# DATA VISUALIZATION WITH SEABORN

Seaborn is a Python data visualization library with an emphasis on statistical plots. The library is an excellent resource for common regression and distribution plots, but where Seaborn really shines is in its ability to visualize many different features at once. It’s built to provide great visualizations and at the same time it makes developers’ life easier. Seaborn is built on top of Matplotlib and provides a high level API that makes “a well-defined set of hard things easy”, amongst other things by making that its methods work greatly by passing a minimal set of arguments.

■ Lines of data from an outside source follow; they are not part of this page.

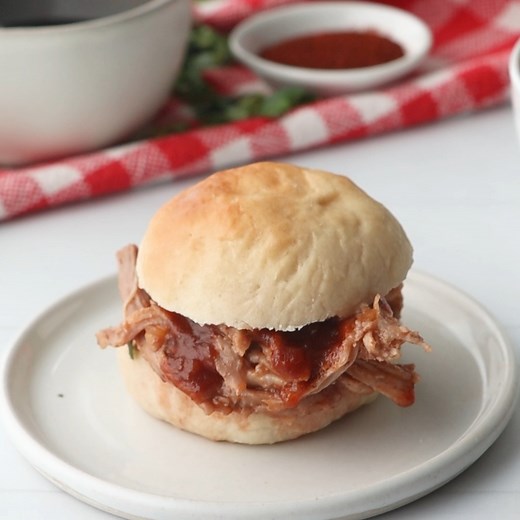5.5K views · 23 reactions | low Cooker Coca-Cola Pulled Pork with Coca-Cola BBQ Sauce Recipe – our go-to recipe for pulled pork with only 2 ingredients! The homemade barbecue sauce puts this pork over the top! Leftovers are great on a salad, in tacos or NACHOS! YUM! GET THE RECIPE: https://www.plainchicken.com/slow-cooker-coca-cola-pulled-pork-with/ | Plain Chicken | Facebook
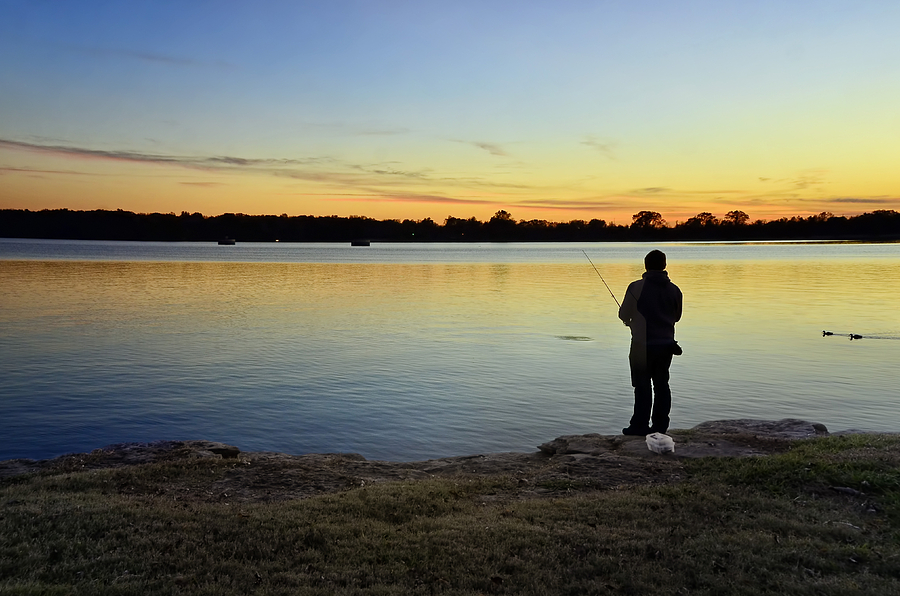 Fishing At Sunset Photograph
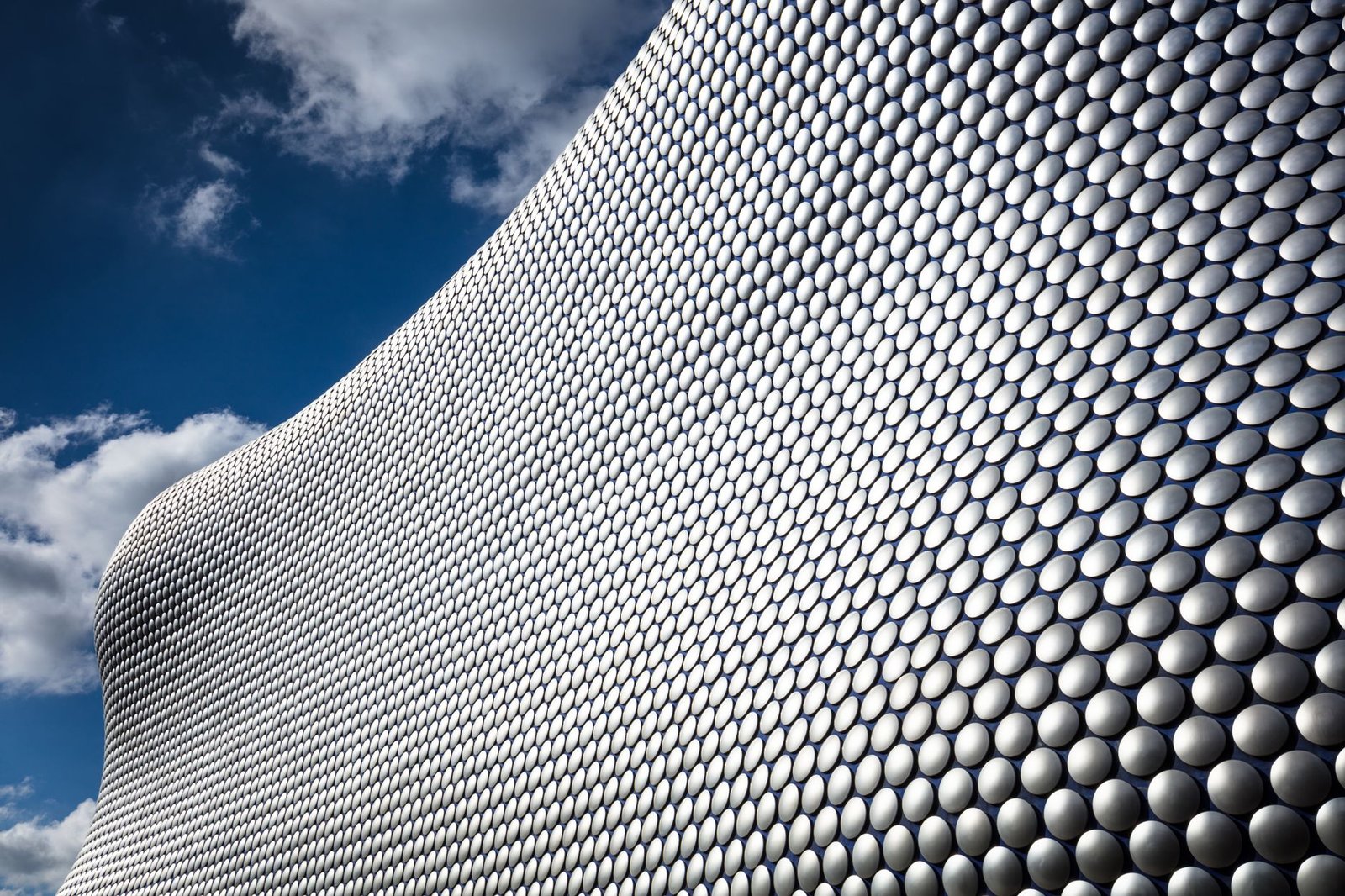 A striking view of the Selfridges building in Birmingham, showcasing its modern architectural design with unique patterns.
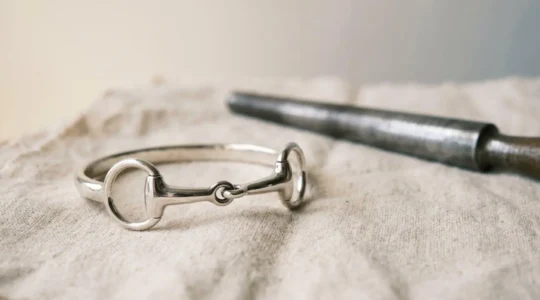 Gros plan sur un jonc mors équestre en argent reposant sur un support neutre avec un outil d'ajustement professionnel à côté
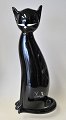 A black Siamese 
cat, 20th 
century Formia 
Vetri De 
Murano, Italy. 
Solid black 
glass mass. 
Signed. ...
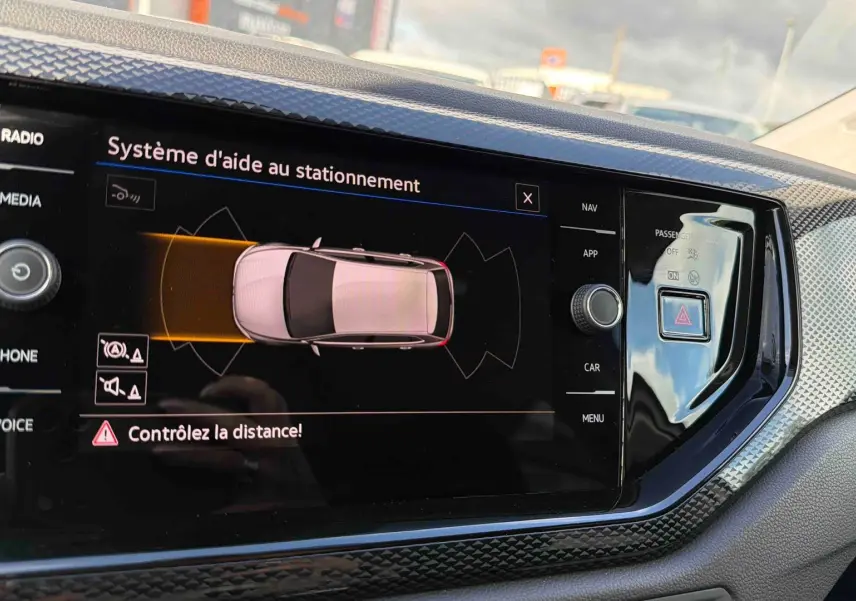 Écran tactile intérieur montrant le système d'aide au stationnement de la Volkswagen Polo blanche, vue de face.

The `great visualization` comes from the built in themes, the possibility to build custom attractive color palettes, and the witty way they’re utilized to display statistical plots (e.g. the kernel density estimation in a violin plot). Seaborn is part of the PyData stack, and accepts Pandas’ data structures as inputs in its API.

In [None]:
import numpy as np
import pandas as pd
import seaborn as sns
import timeit

%matplotlib inline

sns.set_style('darkgrid')

## TYPE OF PLOTS

1. **Distribution Plot (distplot)** - The first thing you want to see when exploring your data is the distribution of your variables. 
2. **FactorPlot / FacetGrid** - If we wanted to break down a plot by some categories, we needn’t perform boolean queries, nor groupbys, we can use FacetGrid.
3. **[PairPlot](http://seaborn.pydata.org/generated/seaborn.pairplot.html) / [PairGrid](http://seaborn.pydata.org/generated/seaborn.PairGrid.html)** - Plot pairwise relationships in a dataset. This is a high-level interface for PairGrid that is intended to make it easy to draw a few common styles. You should use :class`PairGrid` directly if you need more flexibility.
4. **JointPlot / JointGrid** - This method is used to display data points according to two variables, along with both their distributions, kernel density estimators, and an optional regression that fits the data. With “reg” we indicate that we want a regression fit to the data.
5. **heatmap**: Heatmaps are ideal to plot “rectangular data” such as matrixes. They’re great to visualize when some values, or calculated values, such as averages, counts, etc. are more extreme.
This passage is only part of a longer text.